Flic ou caillera - Chant d’un Signe dionysien

Rachid SANTAKI

dimanche 9 juin 2013, par Doszen

Mon second SANTAKI est plutôt un cru sympa.

L’auteur reprend l’environnement et de nombreux personnages rencontrés dans "Les anges s’habillent en caillera" (éd. Alvik, 2011), notamment la mythique famille BENSAMA, les bosses du 9-3 ainsi que les flics ripoux Stéphane et Mickael. Mounir, Sérigné également errent dans ce quatrième opus.

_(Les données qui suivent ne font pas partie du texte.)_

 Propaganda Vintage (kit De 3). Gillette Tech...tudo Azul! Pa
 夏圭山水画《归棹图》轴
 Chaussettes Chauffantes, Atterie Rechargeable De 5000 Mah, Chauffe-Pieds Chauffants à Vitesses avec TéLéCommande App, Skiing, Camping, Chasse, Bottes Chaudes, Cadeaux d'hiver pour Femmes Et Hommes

Mehdi est un gamin de Saint-Denis qui se bat seul avec sa mère pour survivre aux huissiers, trouver sa pitance quotidienne et régler les frais d’avocat de son petit frère tombé plusieurs fois pour des business de petites envergures, pendant que son grand-frère, qui a réussi à s’échapper de ce marécage, mène une vie d’acteur au cœur de Paris.
Mehdi est un tagger de talent, travaille à l’Agence Du Médicament, a une petite amie qui l’aime et essaie de rester le plus loin possible du business. A travers son regard on "voit" le business des BENSAMA, l’ultra-violence, les flics ripoux, les arracheurs de l’A1, la passion des taggers, l’irruption des crackers sur la guerre de Saint-Denis, tout cela dans l’ambiance émeutière de 2005, quand la mort de Zyed et Bouna à Clichy-sous-Bois a mis le feu aux cités.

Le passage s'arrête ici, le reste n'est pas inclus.